─── DATA FOR THIS TASK

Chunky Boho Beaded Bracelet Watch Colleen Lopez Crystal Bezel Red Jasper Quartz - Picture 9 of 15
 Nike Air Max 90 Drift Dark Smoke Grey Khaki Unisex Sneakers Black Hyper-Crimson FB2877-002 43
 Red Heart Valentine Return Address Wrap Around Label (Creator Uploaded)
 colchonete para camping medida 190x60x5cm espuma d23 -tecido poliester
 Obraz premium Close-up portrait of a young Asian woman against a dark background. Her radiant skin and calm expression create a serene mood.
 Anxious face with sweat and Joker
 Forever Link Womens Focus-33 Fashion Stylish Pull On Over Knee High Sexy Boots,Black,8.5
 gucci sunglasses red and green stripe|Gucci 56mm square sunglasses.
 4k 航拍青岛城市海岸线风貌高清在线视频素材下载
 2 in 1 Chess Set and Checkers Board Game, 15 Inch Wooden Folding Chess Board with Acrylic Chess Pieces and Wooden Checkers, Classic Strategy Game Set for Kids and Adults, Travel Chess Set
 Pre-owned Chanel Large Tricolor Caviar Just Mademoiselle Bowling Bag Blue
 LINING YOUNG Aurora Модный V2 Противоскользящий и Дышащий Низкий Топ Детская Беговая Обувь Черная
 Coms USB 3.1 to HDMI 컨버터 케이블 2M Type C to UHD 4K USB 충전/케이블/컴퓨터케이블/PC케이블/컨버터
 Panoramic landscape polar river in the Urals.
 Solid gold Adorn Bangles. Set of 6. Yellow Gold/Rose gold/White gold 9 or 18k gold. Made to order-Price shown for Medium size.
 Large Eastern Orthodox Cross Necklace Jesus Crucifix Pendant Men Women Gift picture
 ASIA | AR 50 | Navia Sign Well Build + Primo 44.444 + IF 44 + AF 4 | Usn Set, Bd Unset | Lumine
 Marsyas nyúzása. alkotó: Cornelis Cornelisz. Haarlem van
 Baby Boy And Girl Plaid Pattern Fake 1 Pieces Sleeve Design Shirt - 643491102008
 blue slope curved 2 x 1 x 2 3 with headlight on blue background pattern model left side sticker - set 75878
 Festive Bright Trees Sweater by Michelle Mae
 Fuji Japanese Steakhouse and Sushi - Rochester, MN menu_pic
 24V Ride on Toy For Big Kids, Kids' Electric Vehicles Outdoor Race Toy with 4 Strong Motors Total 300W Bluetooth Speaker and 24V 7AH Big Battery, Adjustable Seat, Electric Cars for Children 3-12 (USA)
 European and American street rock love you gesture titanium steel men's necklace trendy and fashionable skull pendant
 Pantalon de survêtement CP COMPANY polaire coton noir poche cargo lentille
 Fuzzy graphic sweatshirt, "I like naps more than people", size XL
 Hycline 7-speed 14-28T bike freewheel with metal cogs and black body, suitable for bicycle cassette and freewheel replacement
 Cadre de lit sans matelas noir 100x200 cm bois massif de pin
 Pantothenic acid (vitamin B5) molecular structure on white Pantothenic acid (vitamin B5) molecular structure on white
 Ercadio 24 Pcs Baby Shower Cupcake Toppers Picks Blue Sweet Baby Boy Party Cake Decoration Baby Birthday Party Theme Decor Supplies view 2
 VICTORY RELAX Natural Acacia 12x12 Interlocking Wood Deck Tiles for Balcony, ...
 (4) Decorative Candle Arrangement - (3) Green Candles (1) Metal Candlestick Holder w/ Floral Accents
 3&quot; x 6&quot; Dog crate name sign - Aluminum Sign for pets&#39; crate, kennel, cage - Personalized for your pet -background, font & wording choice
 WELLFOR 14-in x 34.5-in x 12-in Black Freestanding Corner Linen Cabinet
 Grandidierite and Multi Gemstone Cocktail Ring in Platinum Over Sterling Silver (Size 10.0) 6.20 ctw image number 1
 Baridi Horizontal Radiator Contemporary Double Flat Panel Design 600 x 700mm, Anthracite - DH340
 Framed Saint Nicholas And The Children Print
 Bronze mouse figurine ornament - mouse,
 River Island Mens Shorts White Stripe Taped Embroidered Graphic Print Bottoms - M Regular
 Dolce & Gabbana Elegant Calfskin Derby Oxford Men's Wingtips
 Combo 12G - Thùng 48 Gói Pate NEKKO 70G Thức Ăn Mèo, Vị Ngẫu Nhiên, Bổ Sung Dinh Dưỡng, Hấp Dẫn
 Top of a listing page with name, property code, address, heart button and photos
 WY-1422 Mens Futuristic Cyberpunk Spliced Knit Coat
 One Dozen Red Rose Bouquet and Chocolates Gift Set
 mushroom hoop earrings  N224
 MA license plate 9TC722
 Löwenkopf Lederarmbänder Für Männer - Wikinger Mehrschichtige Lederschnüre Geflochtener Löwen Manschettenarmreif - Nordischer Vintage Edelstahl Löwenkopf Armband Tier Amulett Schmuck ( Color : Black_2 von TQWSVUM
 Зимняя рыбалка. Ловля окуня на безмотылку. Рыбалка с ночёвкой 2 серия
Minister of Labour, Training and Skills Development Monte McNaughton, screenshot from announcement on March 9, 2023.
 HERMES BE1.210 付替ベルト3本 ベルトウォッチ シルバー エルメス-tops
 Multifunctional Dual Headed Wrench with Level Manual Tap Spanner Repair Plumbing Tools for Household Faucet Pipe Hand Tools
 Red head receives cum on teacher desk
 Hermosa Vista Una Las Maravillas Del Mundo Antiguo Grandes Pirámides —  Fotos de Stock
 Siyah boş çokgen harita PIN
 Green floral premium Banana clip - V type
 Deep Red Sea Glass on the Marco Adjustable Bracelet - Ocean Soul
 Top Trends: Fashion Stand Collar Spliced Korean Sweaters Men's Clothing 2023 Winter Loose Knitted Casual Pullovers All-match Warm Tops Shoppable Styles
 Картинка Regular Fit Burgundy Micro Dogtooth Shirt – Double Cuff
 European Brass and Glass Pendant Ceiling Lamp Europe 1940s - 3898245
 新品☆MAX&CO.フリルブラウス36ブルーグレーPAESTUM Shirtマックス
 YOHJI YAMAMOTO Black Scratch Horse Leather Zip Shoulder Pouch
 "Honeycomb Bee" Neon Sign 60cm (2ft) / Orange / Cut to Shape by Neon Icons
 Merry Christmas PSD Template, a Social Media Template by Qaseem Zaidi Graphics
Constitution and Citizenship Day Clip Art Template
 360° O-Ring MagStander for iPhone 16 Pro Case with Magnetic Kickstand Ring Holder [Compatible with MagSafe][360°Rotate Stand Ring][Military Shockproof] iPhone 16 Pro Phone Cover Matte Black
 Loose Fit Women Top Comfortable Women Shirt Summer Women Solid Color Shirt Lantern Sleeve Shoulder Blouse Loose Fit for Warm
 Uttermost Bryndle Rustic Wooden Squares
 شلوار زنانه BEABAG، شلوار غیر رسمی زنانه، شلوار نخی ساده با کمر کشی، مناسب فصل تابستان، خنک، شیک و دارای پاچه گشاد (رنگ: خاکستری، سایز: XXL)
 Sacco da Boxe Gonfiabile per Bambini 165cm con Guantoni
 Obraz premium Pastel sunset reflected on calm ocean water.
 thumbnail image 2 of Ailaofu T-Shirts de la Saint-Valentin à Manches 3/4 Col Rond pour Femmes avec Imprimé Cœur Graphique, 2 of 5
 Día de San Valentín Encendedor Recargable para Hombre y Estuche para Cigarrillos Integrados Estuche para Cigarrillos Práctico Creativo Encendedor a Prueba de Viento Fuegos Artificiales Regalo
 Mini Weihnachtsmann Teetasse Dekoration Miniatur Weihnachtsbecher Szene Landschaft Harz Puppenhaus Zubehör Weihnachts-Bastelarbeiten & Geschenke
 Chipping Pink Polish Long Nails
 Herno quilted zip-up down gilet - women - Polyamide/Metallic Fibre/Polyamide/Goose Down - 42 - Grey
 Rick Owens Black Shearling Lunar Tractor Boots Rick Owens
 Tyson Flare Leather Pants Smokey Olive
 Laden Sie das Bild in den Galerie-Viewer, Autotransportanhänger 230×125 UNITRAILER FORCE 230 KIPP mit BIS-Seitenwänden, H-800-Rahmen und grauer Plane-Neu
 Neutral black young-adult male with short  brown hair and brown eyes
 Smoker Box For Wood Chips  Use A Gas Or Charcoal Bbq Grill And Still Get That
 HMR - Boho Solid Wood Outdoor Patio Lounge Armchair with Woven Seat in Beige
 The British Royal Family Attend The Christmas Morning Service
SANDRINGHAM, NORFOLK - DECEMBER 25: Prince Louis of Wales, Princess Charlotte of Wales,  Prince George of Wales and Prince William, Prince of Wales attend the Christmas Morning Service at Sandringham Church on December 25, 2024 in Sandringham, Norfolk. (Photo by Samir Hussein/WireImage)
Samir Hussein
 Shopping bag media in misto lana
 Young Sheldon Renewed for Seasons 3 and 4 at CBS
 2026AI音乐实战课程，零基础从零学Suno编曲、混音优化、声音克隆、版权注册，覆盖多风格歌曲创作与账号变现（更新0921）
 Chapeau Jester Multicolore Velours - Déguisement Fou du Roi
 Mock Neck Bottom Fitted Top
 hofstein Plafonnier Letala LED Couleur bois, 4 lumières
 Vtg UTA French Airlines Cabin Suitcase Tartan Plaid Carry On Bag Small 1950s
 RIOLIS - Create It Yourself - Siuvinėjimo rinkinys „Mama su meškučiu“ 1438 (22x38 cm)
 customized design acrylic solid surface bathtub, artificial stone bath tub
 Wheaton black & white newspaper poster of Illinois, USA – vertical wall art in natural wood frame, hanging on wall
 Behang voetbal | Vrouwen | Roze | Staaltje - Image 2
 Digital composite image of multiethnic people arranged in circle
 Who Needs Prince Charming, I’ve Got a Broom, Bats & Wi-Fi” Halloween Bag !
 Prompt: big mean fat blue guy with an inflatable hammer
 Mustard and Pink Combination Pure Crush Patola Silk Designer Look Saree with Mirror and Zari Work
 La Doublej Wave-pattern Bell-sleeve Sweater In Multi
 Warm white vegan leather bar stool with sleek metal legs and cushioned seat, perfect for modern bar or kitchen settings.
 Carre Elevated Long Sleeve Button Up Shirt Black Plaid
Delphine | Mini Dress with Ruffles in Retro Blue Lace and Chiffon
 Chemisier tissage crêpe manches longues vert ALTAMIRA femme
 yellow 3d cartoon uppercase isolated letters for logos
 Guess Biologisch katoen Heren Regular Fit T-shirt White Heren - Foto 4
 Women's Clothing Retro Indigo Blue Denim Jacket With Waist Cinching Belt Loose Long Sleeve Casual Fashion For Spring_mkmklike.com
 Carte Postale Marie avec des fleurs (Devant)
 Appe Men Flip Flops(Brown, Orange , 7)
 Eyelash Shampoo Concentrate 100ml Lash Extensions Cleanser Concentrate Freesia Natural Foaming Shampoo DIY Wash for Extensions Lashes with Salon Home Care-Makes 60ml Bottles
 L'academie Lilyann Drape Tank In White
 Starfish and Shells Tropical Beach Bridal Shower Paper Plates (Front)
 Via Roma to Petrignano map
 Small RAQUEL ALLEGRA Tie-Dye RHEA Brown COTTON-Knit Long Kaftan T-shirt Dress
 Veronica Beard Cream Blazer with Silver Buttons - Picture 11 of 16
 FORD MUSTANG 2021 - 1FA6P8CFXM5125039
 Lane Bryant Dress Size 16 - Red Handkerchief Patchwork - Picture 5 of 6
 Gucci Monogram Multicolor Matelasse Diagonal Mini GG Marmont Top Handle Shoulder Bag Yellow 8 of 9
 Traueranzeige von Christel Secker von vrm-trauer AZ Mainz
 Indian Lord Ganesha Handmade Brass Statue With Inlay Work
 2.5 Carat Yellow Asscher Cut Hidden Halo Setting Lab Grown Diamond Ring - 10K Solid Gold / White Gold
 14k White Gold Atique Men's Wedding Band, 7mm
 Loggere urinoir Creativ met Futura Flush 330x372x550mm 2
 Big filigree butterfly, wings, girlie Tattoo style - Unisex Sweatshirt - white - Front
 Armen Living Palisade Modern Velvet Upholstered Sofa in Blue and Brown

──────

AIM OF THE EXERCISE
Your task is to copy every line in the entries that holds the string "Silver".

RESPONSE AREA
 Grandidierite and Multi Gemstone Cocktail Ring in Platinum Over Sterling Silver (Size 10.0) 6.20 ctw image number 1
 Veronica Beard Cream Blazer with Silver Buttons - Picture 11 of 16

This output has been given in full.